## Exercise aim
Everything from the line containing "City spirit Cream" to the last line of the listing below should be restated exactly, both ends included, with nothing added and the pictures omitted.

## Given material

[Start of Attachment]

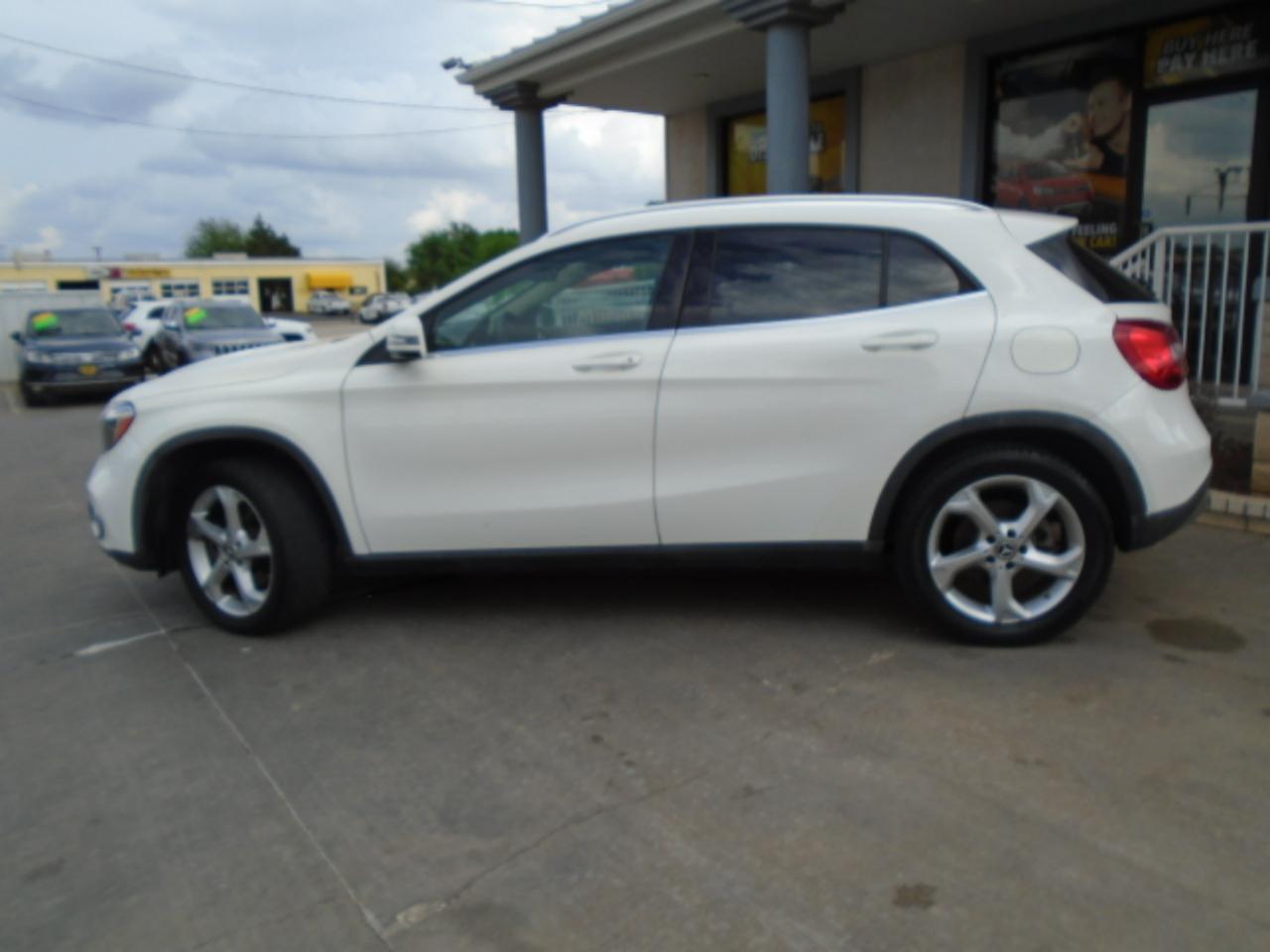 Mercedes-Benz GLA-Class GLA250 2018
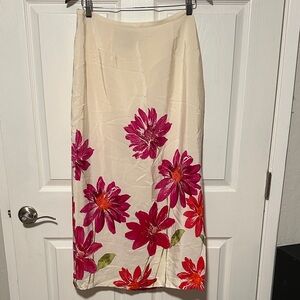 City spirit Cream Maxi Skirt with Pink Floral Design silk Y2K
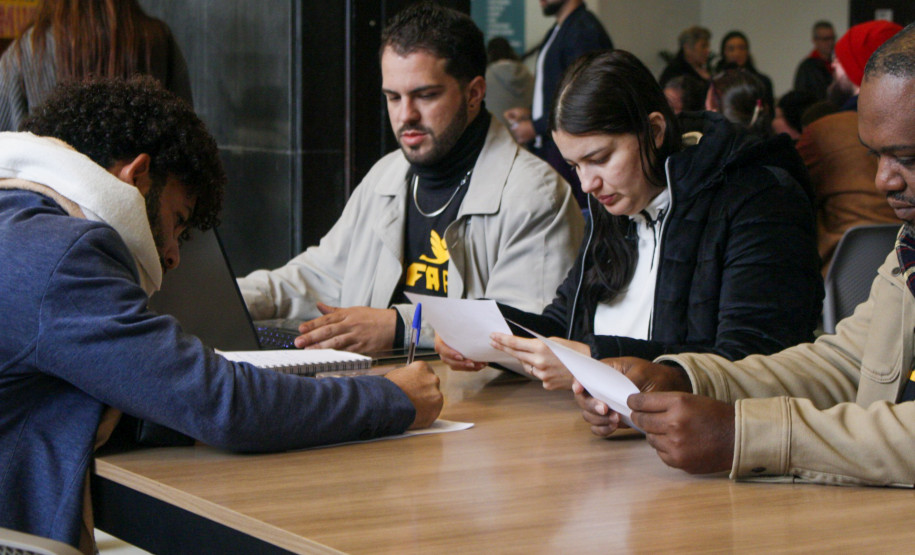 Agência do Trabalhador – Posto Avançado encerra ano com resultados expressivos na promoção de emprego e cultura no Paraná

[End of Attachment]

## Exercise response
 City spirit Cream Maxi Skirt with Pink Floral Design silk Y2K
 Agência do Trabalhador – Posto Avançado encerra ano com resultados expressivos na promoção de emprego e cultura no Paraná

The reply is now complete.